* WORK TO BE COMPLETED:
Return exactly, with nothing added, the lines from the one that contains "Personalised Benin August" through the end of the listing below, pictures excluded.
INPUT Block Start
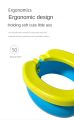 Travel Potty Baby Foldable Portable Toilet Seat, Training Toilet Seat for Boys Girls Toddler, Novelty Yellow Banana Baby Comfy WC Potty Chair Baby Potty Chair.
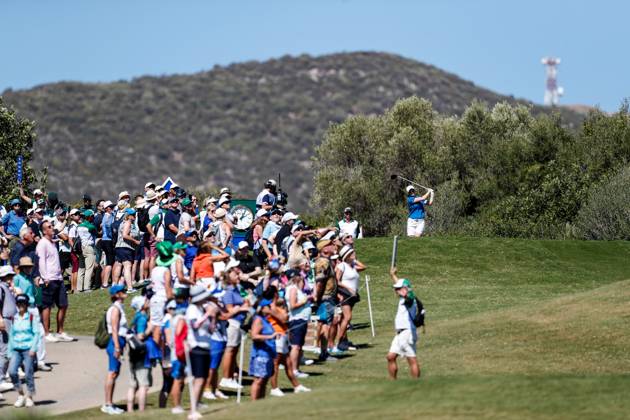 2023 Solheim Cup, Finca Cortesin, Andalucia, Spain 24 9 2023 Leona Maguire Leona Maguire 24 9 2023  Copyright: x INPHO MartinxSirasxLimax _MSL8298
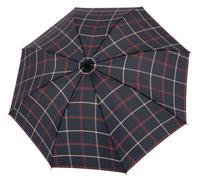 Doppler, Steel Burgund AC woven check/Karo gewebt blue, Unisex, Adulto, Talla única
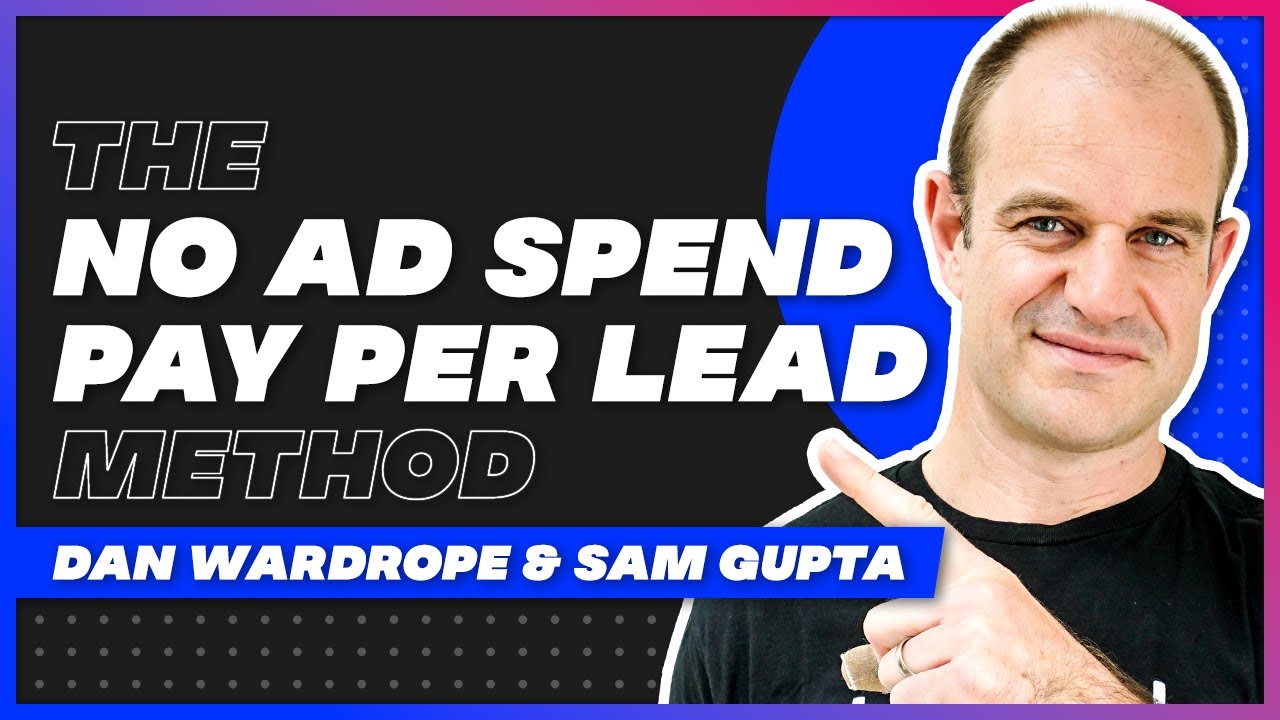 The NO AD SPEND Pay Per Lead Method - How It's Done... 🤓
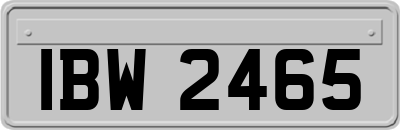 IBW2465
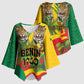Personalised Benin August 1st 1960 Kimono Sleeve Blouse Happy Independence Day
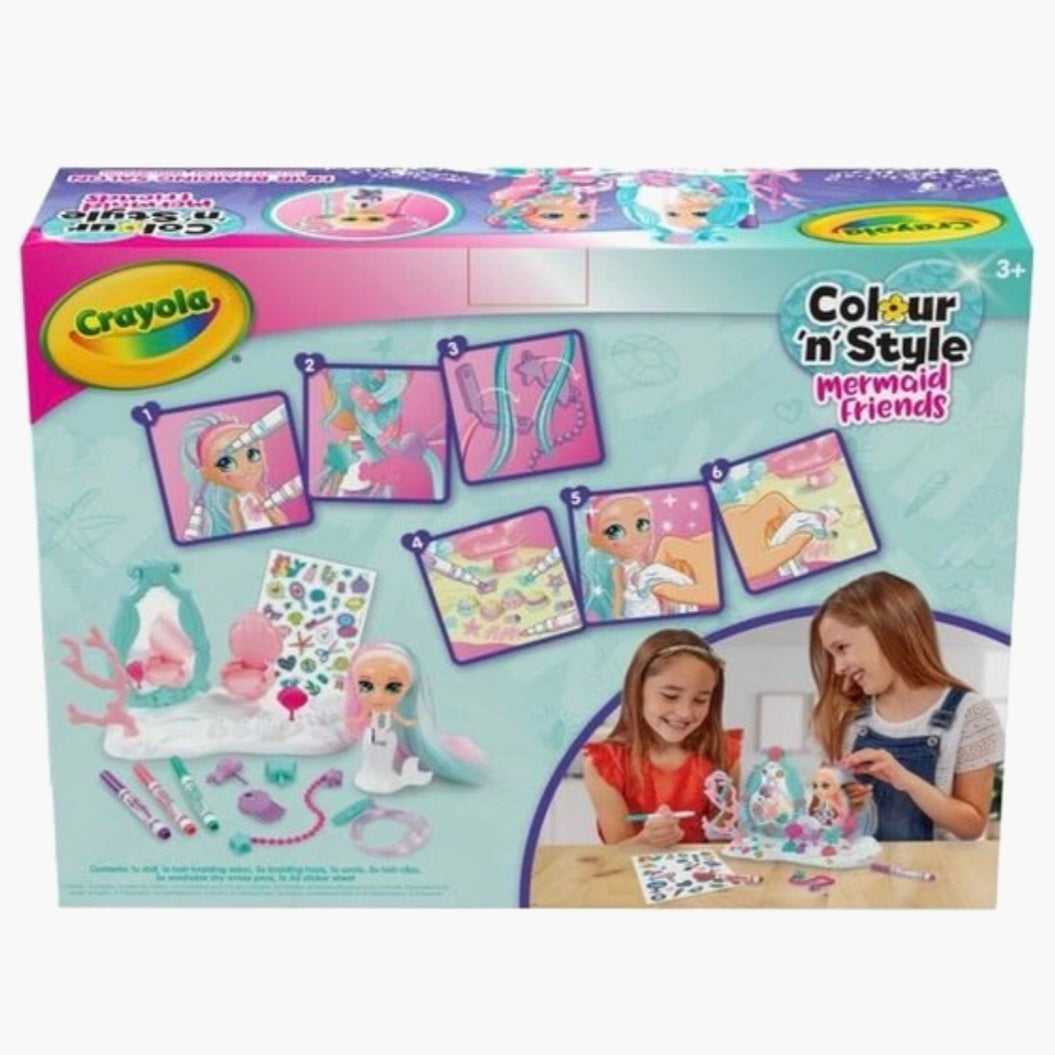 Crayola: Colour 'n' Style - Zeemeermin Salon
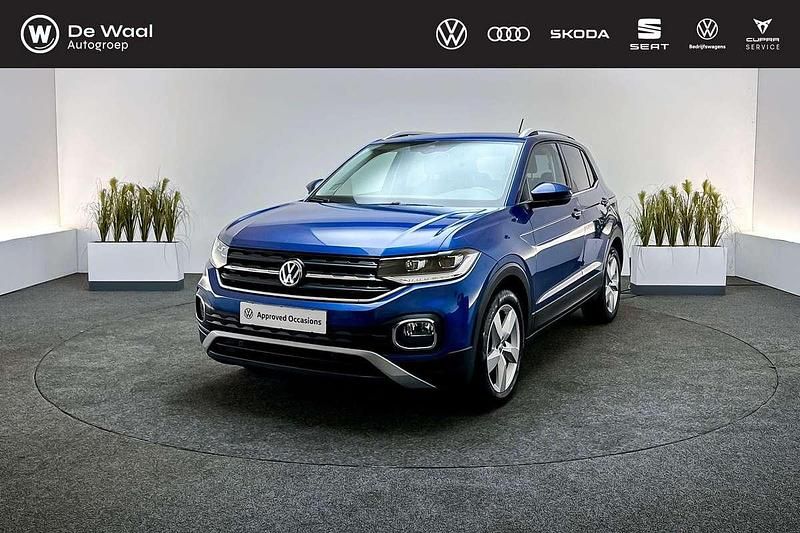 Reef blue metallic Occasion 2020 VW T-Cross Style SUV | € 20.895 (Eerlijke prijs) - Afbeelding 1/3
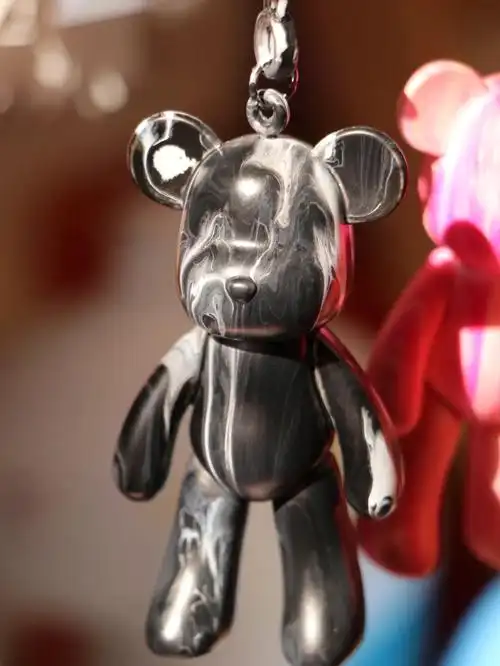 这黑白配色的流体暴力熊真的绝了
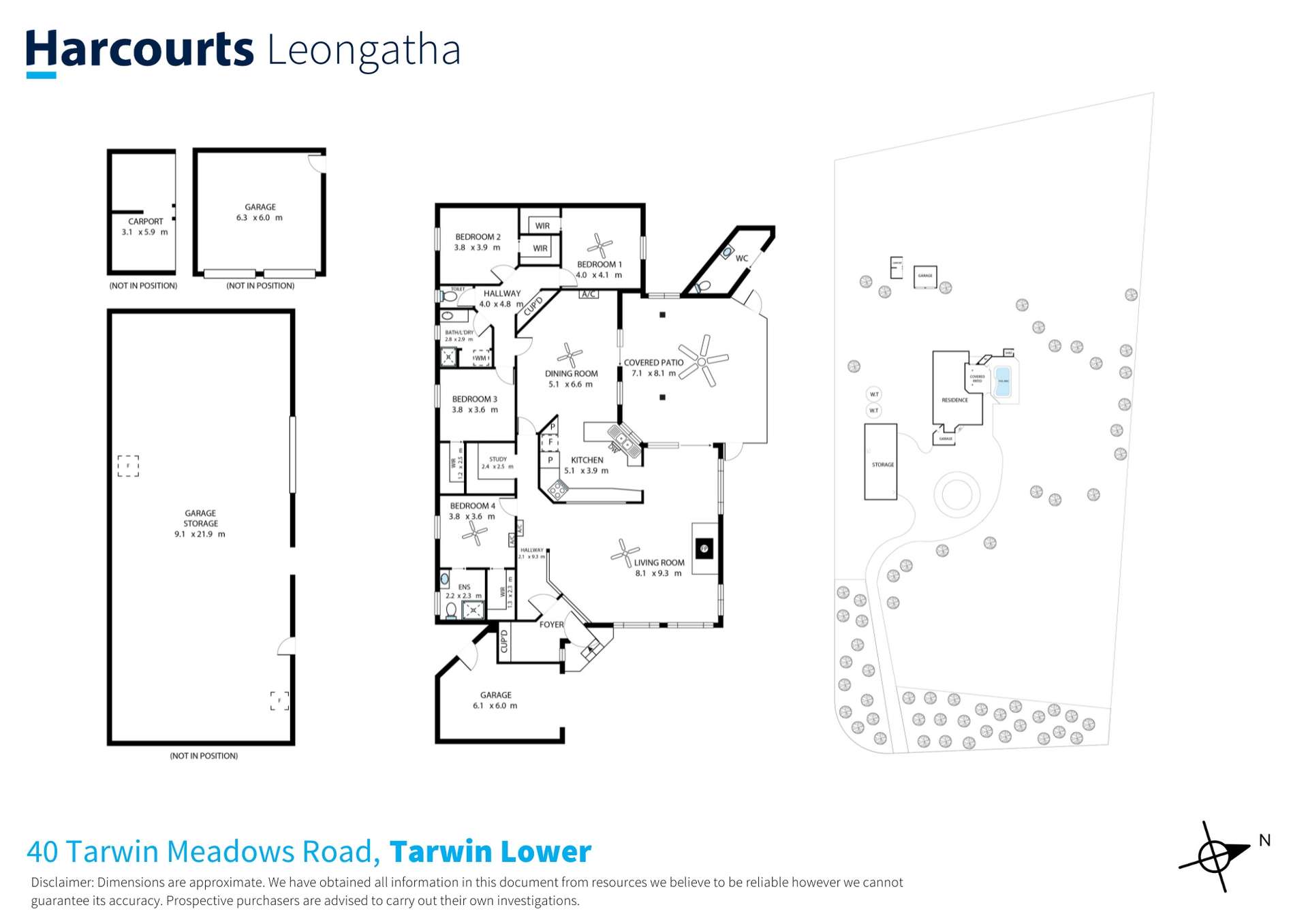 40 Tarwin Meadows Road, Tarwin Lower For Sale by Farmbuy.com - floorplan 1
INPUT Block End
* SOLUTION TO THIS PROBLEM:
Personalised Benin August 1st 1960 Kimono Sleeve Blouse Happy Independence Day
 Crayola: Colour 'n' Style - Zeemeermin Salon
 Reef blue metallic Occasion 2020 VW T-Cross Style SUV | € 20.895 (Eerlijke prijs) - Afbeelding 1/3
 这黑白配色的流体暴力熊真的绝了
 40 Tarwin Meadows Road, Tarwin Lower For Sale by Farmbuy.com - floorplan 1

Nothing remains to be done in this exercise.